Once a cause of great optimism, attempts to create humanlike intelligence became a favored target for philosophical criticism. In 1979, Hubert Dreyfus argued that computer simulation assumes incorrectly that explicit rules can govern intellectual processes. 2 An ability to break rules, Dreyfus thought, better characterizes human intelligence. Rules allow only elementary capabilities and are routinely broken once we achieve true competence. He viewed this competence not merely as a new, more sophisticated set of rules but as the ability to serve principles that have not yet and might never become explicit. Another argument was that computer programs are inherently goal-seeking and thus require the designer to know beforehand exactly what behavior is desired (as in a chess match as opposed to a work of art). 3 In contrast, humans are value-seeking—that is, we do not always begin with an end goal in mind but seek to bring implicit values to fruition, on the fly, through engagement in a creative or analytical process.

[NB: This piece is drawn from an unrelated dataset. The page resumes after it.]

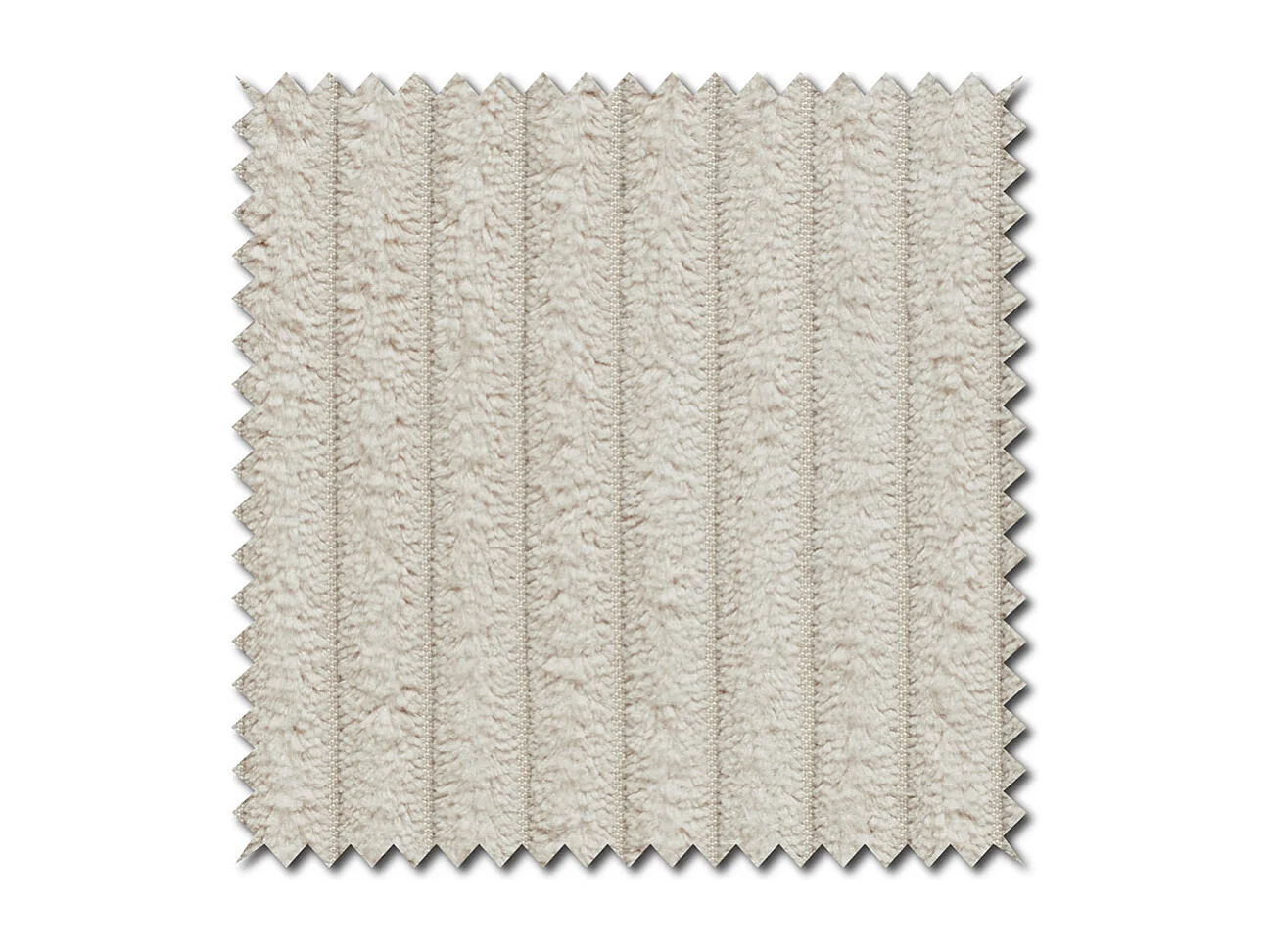Sofa - Cremeweiß Cord - CHARME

Although some of the ultimate conclusions were premature, these arguments aptly called attention to the fact that static programs, explicit rules, and knowledge bases drove robots estranged from the real world. As such, robots remained information-processing machines, applicable only to highly structured domains such as assembly lines. At best, those who claimed to be creating human-like intelligence were labeled positivists. At worst, they were considered delusional. Many roboticists forsook the goal of humanlike cognition entirely and focused on creating functional, high-utility agents, using the lower animal world as a model (if they even needed models).
Toward a more robust, low-level knowledge
Realizing the limitations of hard-coded, externally derived solutions, many within the AI community decided to look to fields such as neuroscience, cognitive psychology, and biology for new insight. Before long, the multidisciplinary field of cognitive science drove home the notion that the planning and high-level cognition of which humans are consciously aware represents only the tip of a vast neurological iceberg. 4 The mainstay of human action, researchers argued, derives from motor skills and implicit behavior encodings that lie beneath the level of conscious awareness. Borrowing on this understanding, Philip Agre and David Chapman argued that robots should likewise spend less time deliberating and more time responding to a world in constant flux. 5 A new, behavior-based view of intelligence emerged that transferred the emphasis from intelligent processing to robust real-world action.
Neurobiology provided compelling evidence for a behavior-based approach with studies on the behavioral architecture of low-level animals. In one experiment, scientists severed the connection between a frog's spine and brain, effectively removing the possibility of centralized, high-level control. They then stimulated particular points along the spinal chord and found that much of the frog's behavior was encoded directly into the spine.6 For instance, stimulating one location prompted the frog to wipe its head, whereas another location encoded jumping behavior. This implicit, reactive control layer was what classical AI methods had ignored.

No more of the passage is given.